According to sources, the Mepco authorities kept paying hundreds of millions of rupees to the mills under the shady deal until the National Electric Power Regulatory Authority (Nepra) smelled the rat and objected to the price mechanism that has been causing huge losses to the exchequer.

The sources said Mepco signed a power purchase agreement with M/S Mahmood Textile Mills Limited on October 4, 2007. The parties agreed that the unit would provide five megawatt residual furnace oil (RFO) based 11Kv electric power to Mepco for the duration of one year from the date of connectivity with the company’s system.
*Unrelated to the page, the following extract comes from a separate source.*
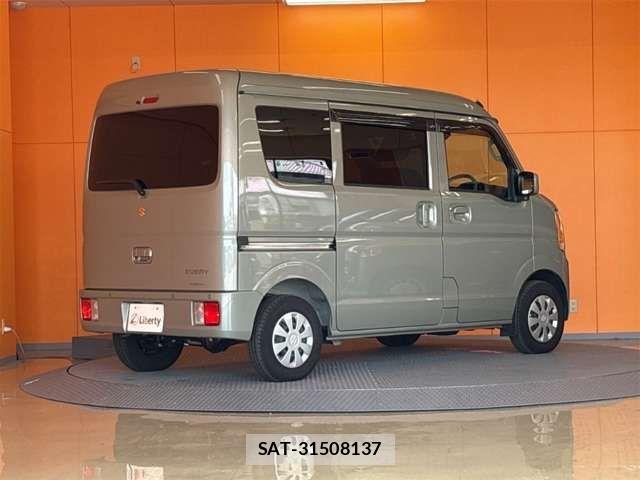Suzuki EVERY 2025-06 8365810-8
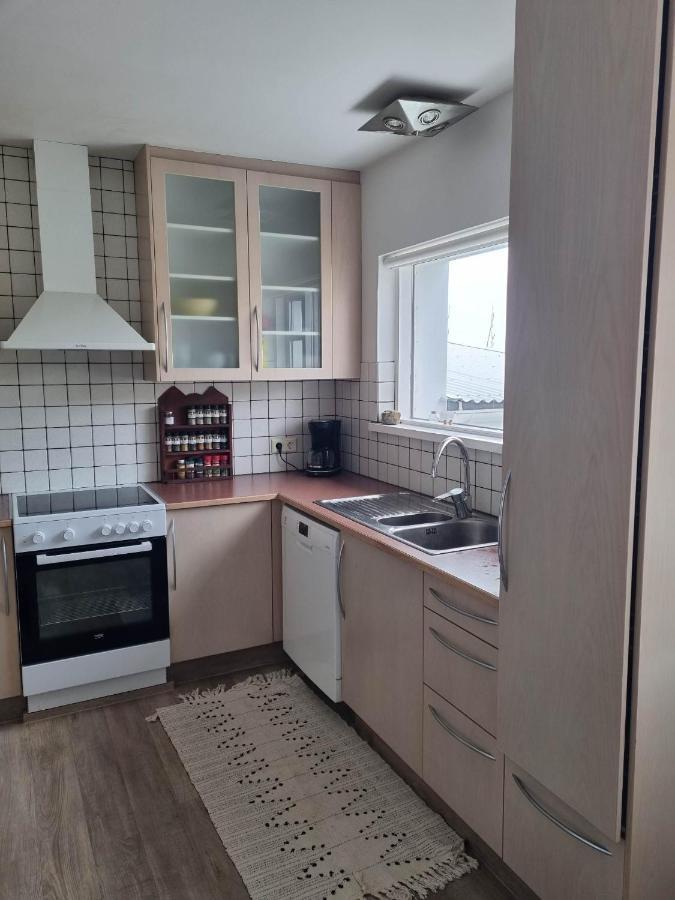Guesthouse Maddy Húsavík 외부 사진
It was also agreed the duration could be extended with the mutual consent of the parties and the electric energy supply would be ensured by the mills through installation of necessary equipment.

The sources said that keeping in view the scope of profit the agreement was revised on October 22, 2009, by upward revising the megawatts from five to nine.

Although the agreement required supply of power to Mepco through an independent radial feeder isolated from any other 11Kv system of the generating facility but this clause of the agreement was never implemented, they said.

It transpired in the light of expert opinion given by some technical officials desiring anonymity that the power producer used the non-implementation of that ‘crucial clause’ of the agreement to its maximum benefit.

“The textile unit instead of supplying power to the power purchaser through independent radial feeder used it (electricity) for self-consumption while receiving the full (bill) amount from Mepco,” one of the officials disclosed.

According to the documents showing the details of power sale and purchase, during the three years from fiscal year 2009-10 to FY2011-12 Mepco paid Rs1.887 billion, along with additional 16 per cent General Sales Tax (GST), to the power generating textile unit.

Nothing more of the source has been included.